La sfida federalista e il ruolo dei comuni
Il Secolo XIX – 11 ottobre 2009 – La crisi economica è un test di affidabilità per tutti i soggetti pubblici, anche per gli enti locali.
L’indagine del Censis “La sfida del federalismo” mette in evidenza il loro impegno contro la crisi. Il 94,1% dei Comuni è intervenuto con “pacchetti anticrisi”: potenziamento del welfare per le fasce deboli, interventi per le piccole imprese, tavoli di concertazione con altre istituzioni e forze sociali. E’ accaduto anche alla Spezia.

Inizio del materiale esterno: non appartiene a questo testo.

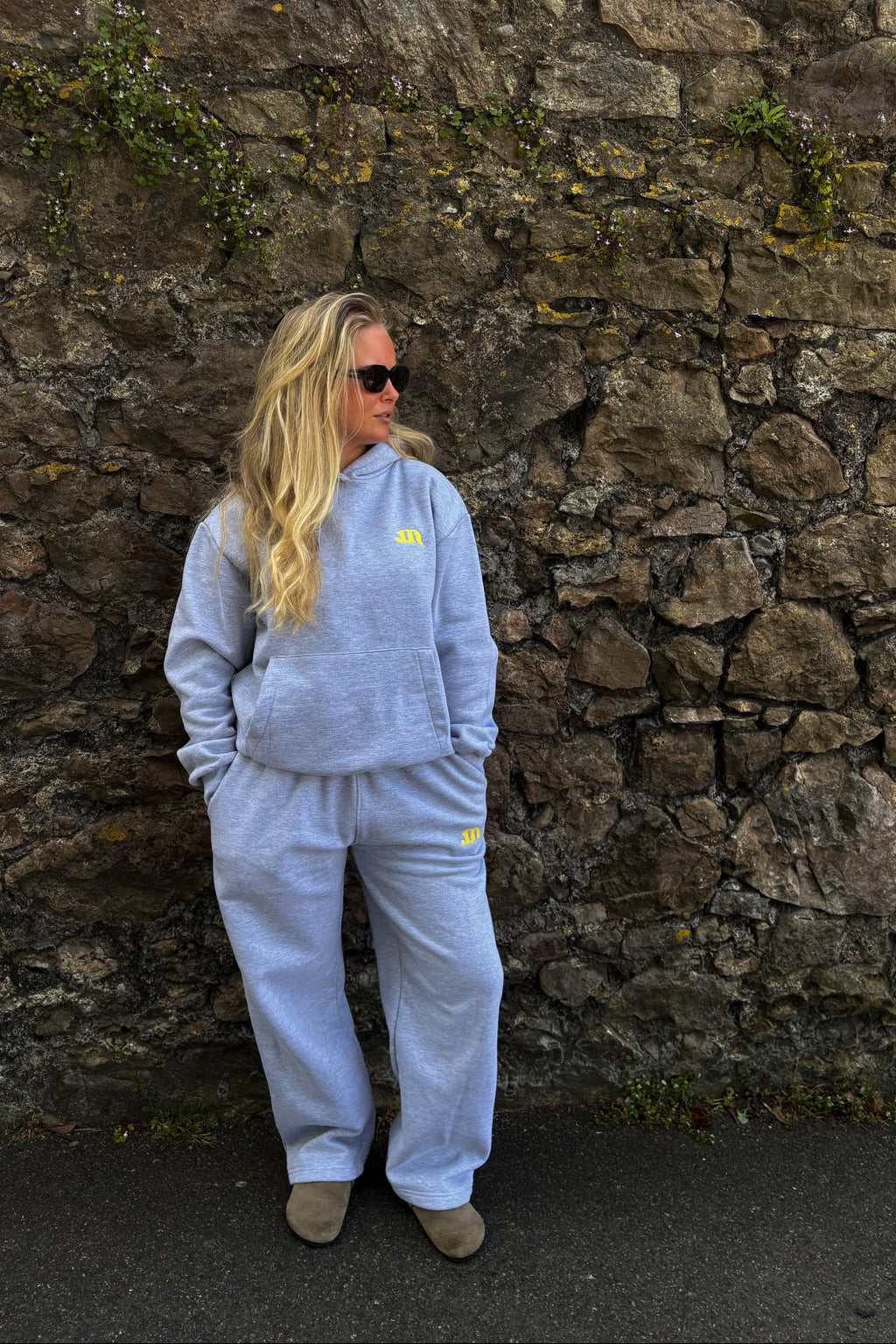 GREY JOGGERS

Se la globalizzazione, sostiene il Censis, sembrava aver cancellato il territorio e imposto il primato del singolo -impresa, lavoratore-, proprio la crisi sta riportando “alla riscoperta del territorio come dimensione strategica di competitività del sistema”. Le modalità con cui i poteri locali si sono attivati costituiscono “un concreto operare del federalismo” e “ un’assunzione di responsabilità” che li candida a svolgere, contro il neocentralismo regionale, un ruolo significativo nel futuro assetto federalista: “un federalismo che parte dal basso, dai soggetti attivi sul territorio e dal ruolo delle autonomie locali”.
Si ripropone così una storia amministrativa che vede le identità collettive formarsi dentro i soggetti locali, con un protagonismo dei Comuni e non delle Regioni, che esistono solo dall’atto costituente del 1948: un’invenzione recente, alla quale in molti casi non corrisponde una chiara identità culturale o linguistica o religiosa. I tentativi della Lega di fornire a posteriori ad alcune Regioni una coloritura nazional-folkloristica sono privi di ogni fondamento storico e quindi molto goffi.

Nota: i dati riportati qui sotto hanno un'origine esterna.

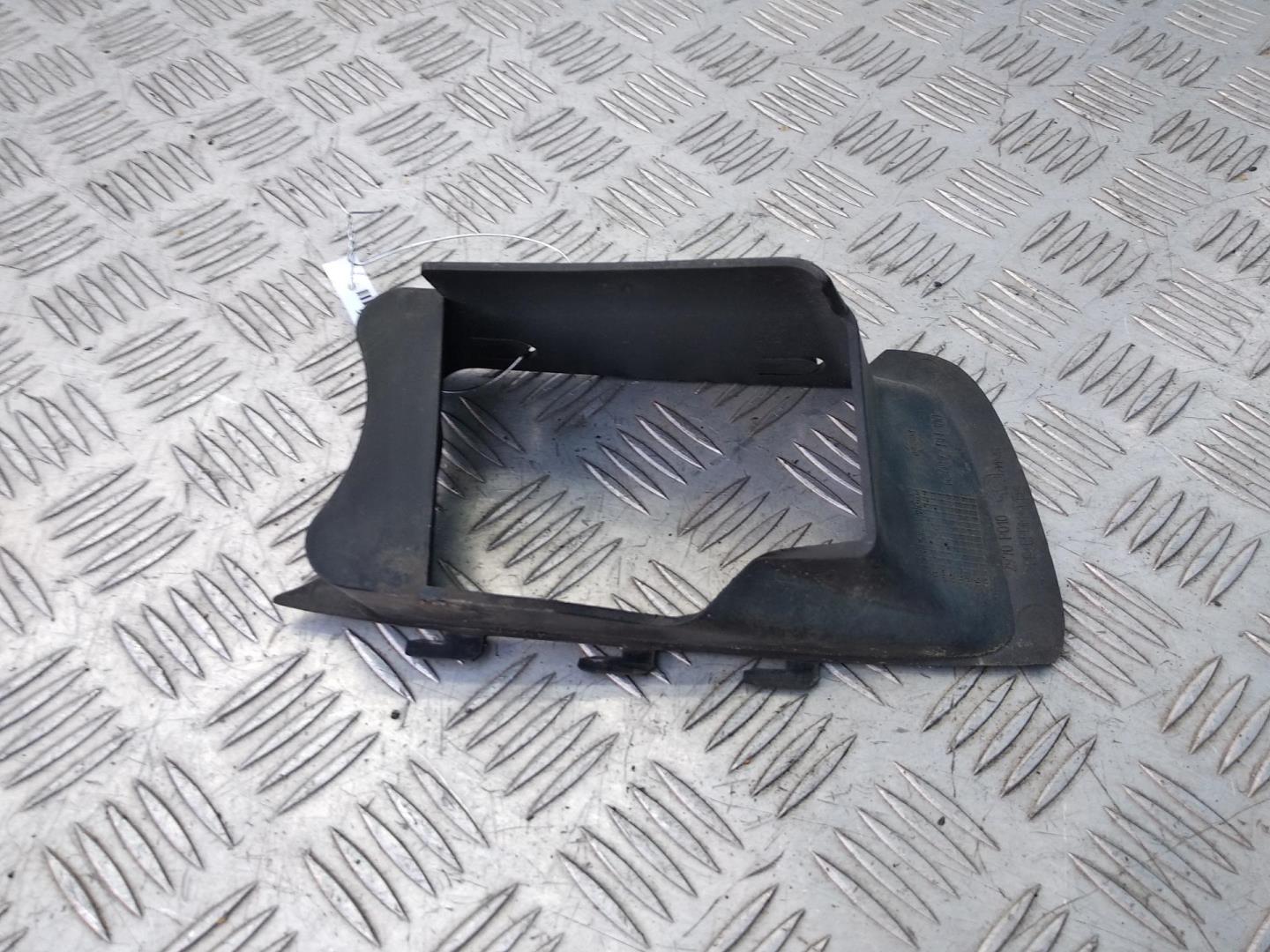 Рамка противотуманной фары левой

La conclusione del Censis è condivisibile, ma va inserita in un ragionamento più ampio: con la crisi, infatti, si è tornati a considerare anche lo Stato nazionale come un nodo non superabile della rete di poteri che cercano di governare la globalizzazione. E quella attuale è una fase economica caratterizzata anche da un bisogno di statualità e di politiche pubbliche nazionali.

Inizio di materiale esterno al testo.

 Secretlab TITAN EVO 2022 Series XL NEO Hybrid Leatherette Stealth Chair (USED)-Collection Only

Il dibattito sulla forma dello Stato non può non tenerne conto: l’Italia non deve abbandonare la scelta federalista del 2001, ma scegliere un federalismo fondato sulla cooperazione -non sulla competizione- tra i diversi livelli di governo, nel quale allo Stato è riconosciuto un forte ruolo di coordinamento, per evitare le disuguaglianze e garantire a tutti i diritti essenziali. Oggi, con la crisi, più che mai. Tutta la classe dirigente, nazionale e locale, deve essere consapevole dei rischi di una disarticolazione dello Stato in un Paese attraversato da profonde fratture come l’Italia.
C’è poi un altro ragionamento da fare. Se il federalismo parte dai Comuni, occorre fare i conti con la loro adeguatezza -organizzativa, gestionale, finanziaria- ad esercitare i nuovi compiti. Il problema principale è quello delle dimensioni, troppo ridotte: su 8100 Comuni, il 72% ha meno di 5000 abitanti. La strada dell’associazionismo e delle Unioni dei Comuni (non dell’accorpamento) va quindi presa finalmente sul serio. Anche alla Spezia.
Detto questo, la vera domanda è: il Governo vuole davvero un federalismo fondato sui Comuni e cooperativo? C’è da dubitarne. Come ha detto il Presidente dell’Anci Sergio Chiamparino, “in Europa siamo il Paese dove si parla di più di federalismo, ma l’unico in cui i Comuni non hanno un’autonomia impositiva”. Cancellata l’Ici, senza tra l’altro reintegrare del tutto le risorse, o si dice quale sarà la fonte di reddito autonoma dei Comuni, o non si vuole sul serio una riforma in senso federale.